15 février 2024
Une amie philosophe m’a dit l’autre jour « il faut mettre de l’âme là où il n’y en a pas ». Ses mots ont germé dans mon esprit « là où il n’y en a pas » ou « là où on ne la voit plus » ? Car s’il existe une raison pour laquelle j’ai commencé à faire de la photo c’est bel et bien pour retrouver une parcelle d’âme dans le cadre : dans un visage, un paysage, un geste, un ciel, partout on l’on devine encore des traces de vie. J’entends parler de tranches de vie, comme si la vie des gens pouvait se couper en « tranches », être stockée dans des cases ou rangée sur des rayons quelconques. Je préfère les rayons du soleil quand ils éclairent une maison abandonnée. On garde mais on ne regarde plus, on voit mais on ne ressent plus. Mais où est l’âme au-delà de toute considération dogmatique ? Aristote parlait de mouvement, d’émotion et d’intelligence, certains peuples archaïques la décrivaient comme une voix intérieure ordonnée par un dieu, François Cheng dit que l’âme « s’enracine dans l’essence même de l’univers et de l’être ». Aujourd’hui, à tort, on la désigne comme une faculté ou une prédisposition, une valeur ajoutée qui ne peut pas faire de mal. Mais l’âme n’est-elle pas présente dans chaque recoin de notre existence ?
Dans un café d’une petite ville de province en Grèce, à Amfissa, sur un vieux mur, entre un cadre représentant un personnage d’un autre temps qui m’était inconnu et une pile de vieux livres, j’ai ressenti « la vie d’avant », « la vie des autres » dirait Florian Henckel von Donnersmarck. L’âme est peut-être le dernier témoin de l’absence. Sur les sites archéologiques, ce ne sont pas les restes d’une civilisation qui survivent au temps et aux hommes, c’est l’âme de ceux qui vécurent. Certains ne voient que des ruines, d’autres comprennent le mystère de leur propre existence. Une photographie m’aide à déceler la vie dans l’absence, les traces d’une existence, des vies oubliées, brisées et estompées mais toujours présentes en surimpression. Un calque invisible imprégné de murmures, de soupirs et de joie. C’est peut-être dans cet espace-temps intime que se vit donc le plus beau des voyages, là où les frontières entre l’imagination et le réel s’entremêlent le temps d’un clic. L’entendement n’est pas une affaire de bon sens mais de sensible.
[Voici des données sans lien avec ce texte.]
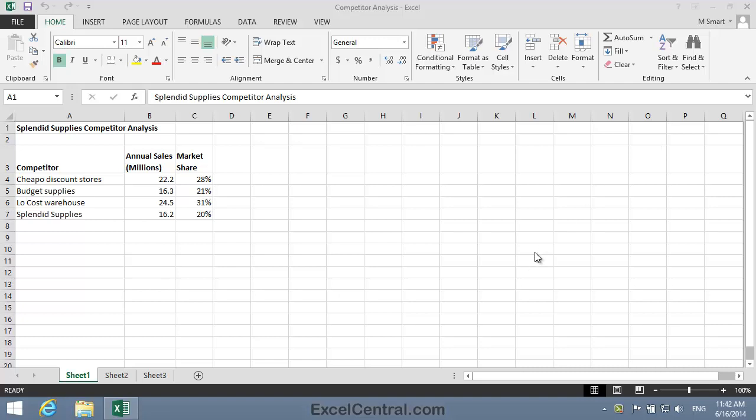For this lesson you need to open the sample file Competitor Analysis from your Sample Files folder. In the last lesson we saw how a column chart could visually reinforce different characteristics of the same data.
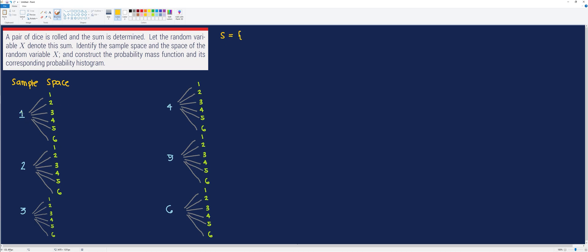The first outcome is we get 1 and 1 for the first and second die respectively, so we have (1,1). The second outcome is (1,2), the third is (1,3). Notice I am denoting these with ordered pairs. Next we have (1,4), (1,5), and (1,6). For the next group, we have (2,1). This outcome is different from (1,2).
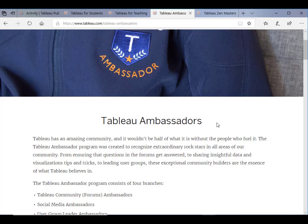sharing skills, helping others to use Tableau and solve their problems in the Tableau Forum, for example. Or if you are a leader of a local Tableau user group, you might be nominated and recognized as a Tableau Ambassador, then you can get a free Tableau license.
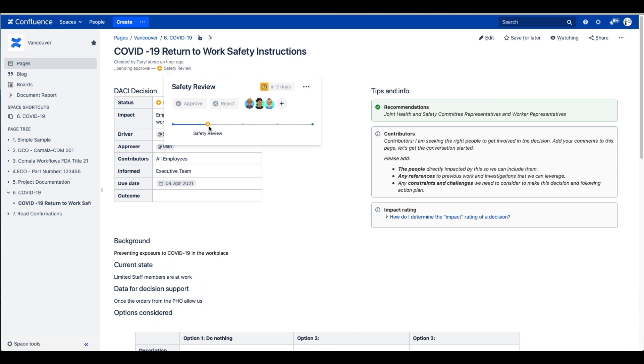Let's build an example together. Imagine you are writing a COVID-19 return to work safety instruction for your workplace. Your page might have to be approved by your safety and health team, your legal team, and the person in charge of your documentation who will have to provide a final review.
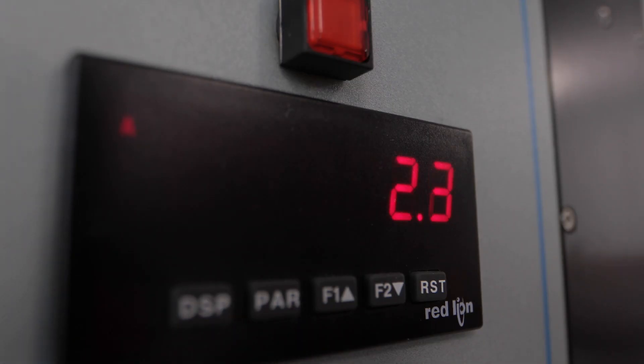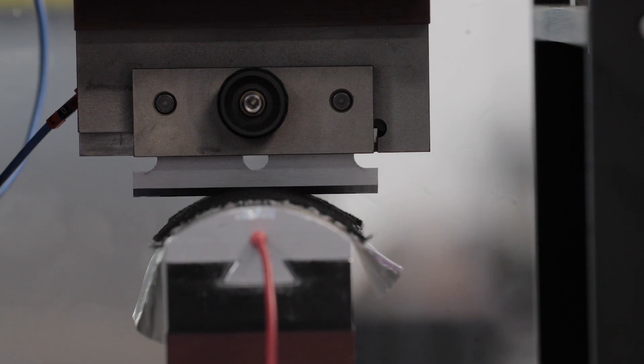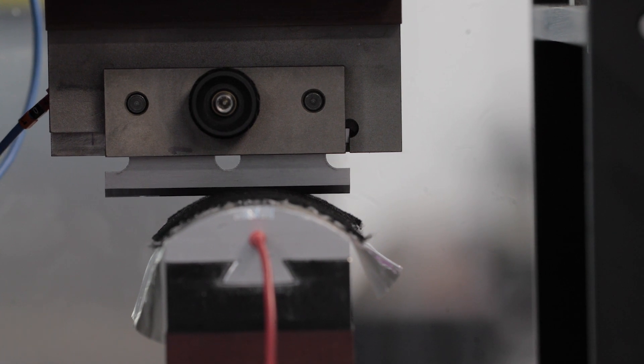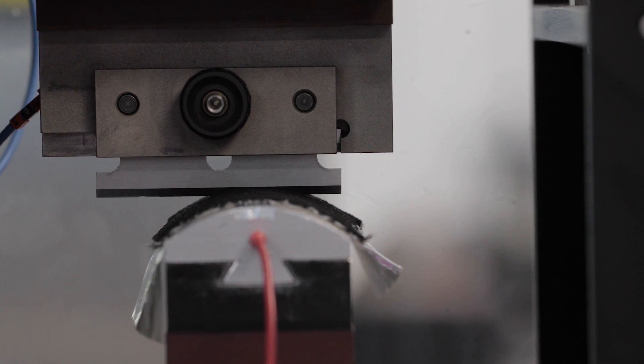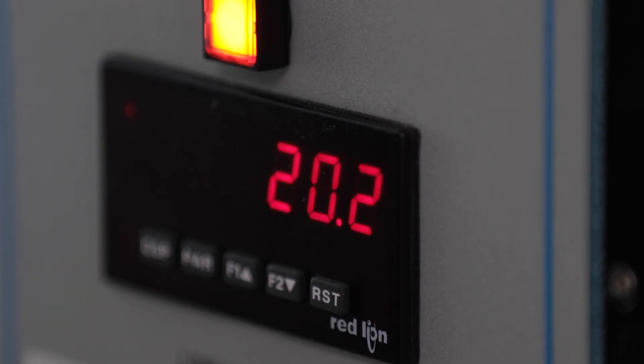And the distance moved by the blade is recorded. In this example, the glove resists being cut through by the blade until it is cut for 20.2 mm.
Dans le café « Panellinion » à Amfissa, là où Théo Angélopoulos avait tourné la fameuse scène du « voyage des comédiens », entre un vieux tome du code pénal et un mur vieilli, j’entends les murmures d’hommes et de femmes d’hier, je partage en silence leurs soupirs et leurs joies. Un homme de sagesse et de foi Bertrand Vergely nous dit qu’ « il est dramatique de perdre le fil de la vie parce que l’on a perdu celui de l’âme », alors si tant est que la vie ne tient qu’à un fil, ne gardons que celui-ci, le plus fragile, le plus puissant et le plus trouble, celui de l’âme.